Folha - A sra. tem contato com o Hamas? Há temor em relação ao modo como os fundamentalistas muçulmanos lidam com os direitos humanos, e especialmente com os direitos da mulher?
Ashrawi - Não tive contato com o Hamas. Houve alguns contatos e encontros políticos. Mas em relação aos direitos da mulher, não.
Folha - A sra. acha que o plano de paz está em perigo devido ao adiamento da retirada israelense de Gaza e Jericó?

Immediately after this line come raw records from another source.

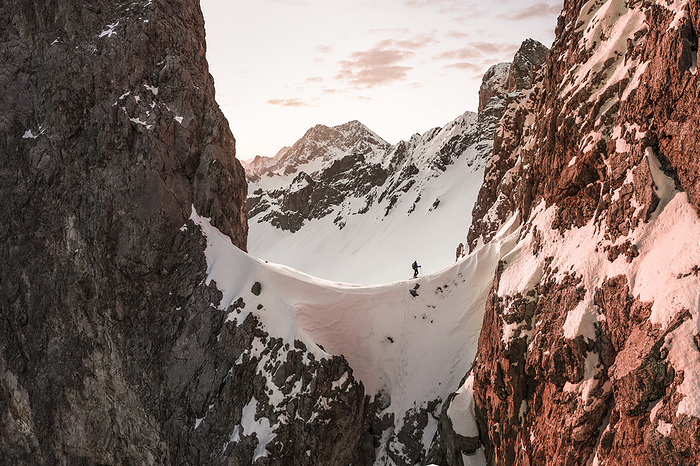 Tourist walking on snow covered mountain at sunrise, Ehrwald, Tirol, Austria, Photo by Wilfried Feder
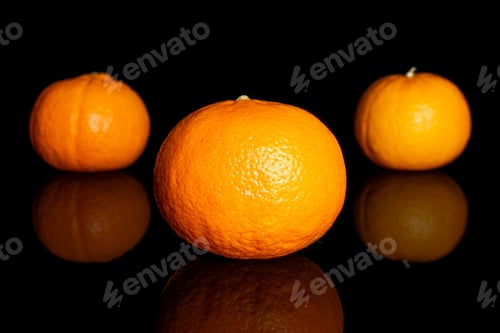 Preview: Group Of Three Whole Fresh Orange Mandarine Isolated On Black Glass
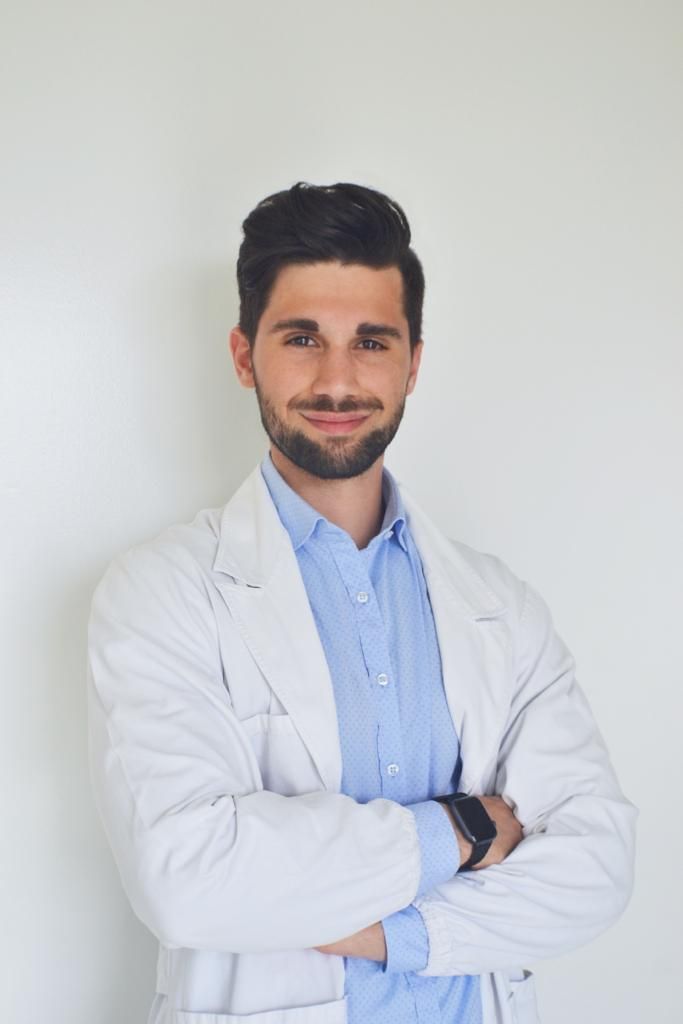 Un uomo in camice bianco e camicia blu è in piedi con le braccia incrociate.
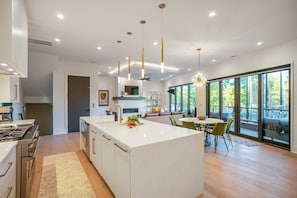 A modern kitchen with a central island, pendant lighting, and a dining area with a view. - 30 Night + Luxurious Green Hills Gem! (Nashville)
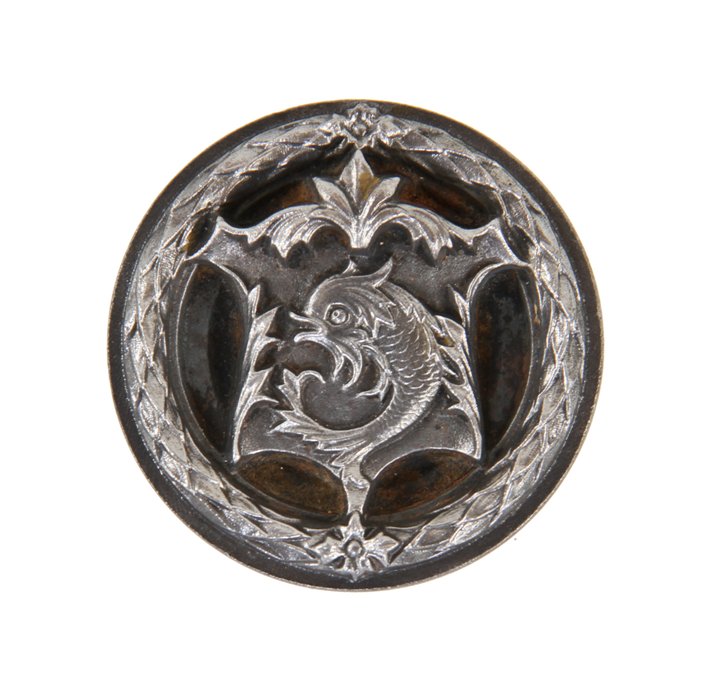 original late 19th century ornamental cast iron fisher building doorknob featuring a centrally located cartouche with detailed fish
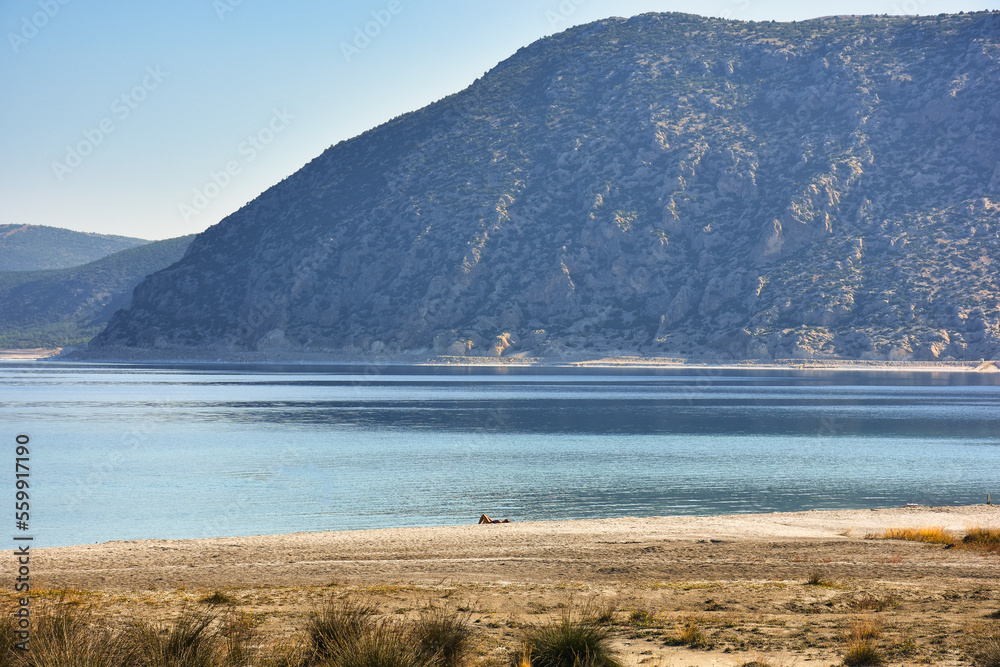 Beach Of Salda Lake In Burdur Turkey A Woman Sunbathing On The Beach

Ashrawi - O processo de paz não se sustenta por si só. Ele precisa de compromisso, seriedade de intenções, boa-fé e implementação apropriada. Se perde sua dinâmica ou credibilidade entre as pessoas, estará em perigo. Mas eu acho que os dois lados estão compromissados e querem que ele tenha sucesso, mas cada lado tem suas próprias posições e prioridades.
Folha - Como está o clima nos territórios ocupados? Os palestinos estão ficando frustrados com o processo de paz?
Ashrawi - Há um tremendo sentimento de frustração e falta de confiança. Ele está crescendo, e também a hostilidade. Há uma atitude generalizada do tipo "vamos esperar para ver", "não acreditamos nos israelenses". Mas a opinião pública pode mudar, dependendo dos acontecimentos.
Folha - A sra. acha que Arafat está fazendo um bom trabalho na liderança da OLP e do processo de paz?
Ashrawi - Acho que ele está sob muita pressão; há muitos fatores que ele deve pesar, não é uma situação fácil. Há uma necessidade, claro, de reforma interna (na OLP), de novas estruturas, nova mentalidade, nova forma de trabalhar. É uma preocupação interna palestina que já foi expressa e há várias pessoas trabalhando pela democratização, para melhorar a ação palestina.
Folha - A sra. acha que Arafat é receptivo a essas críticas?
Ashrawi - Bem, ele é receptivo de algumas formas. O teste verdadeiro será na implementação (das mudanças). Não é uma questão de indivíduos, de uma pessoa. É uma questão de sistema, de atitude, de princípios que devem ser trabalhados de uma forma estrutural e procedural. Eu acho que temos que mudar nestes aspectos para podermos lidar democraticamente com os desafios da nova fase.
Folha - A sra. está confiante de que um futuro Estado palestino será democrático?
Ashrawi - Não ocorrerá por si. Nós temos que trabalhar nisso para torná-lo democrático, aceitando o pluralismo, não discriminando, respeitando os direitos humanos e as liberdades civis. É algo que devemos trabalhar para atingir. Se não toparmos o desafio, correremos o risco de não ter um Estado democrático. Mas acho que há compromisso suficiente e atenção suficiente do povo e da liderança palestina para estabelecer os organismos de um Estado democrático.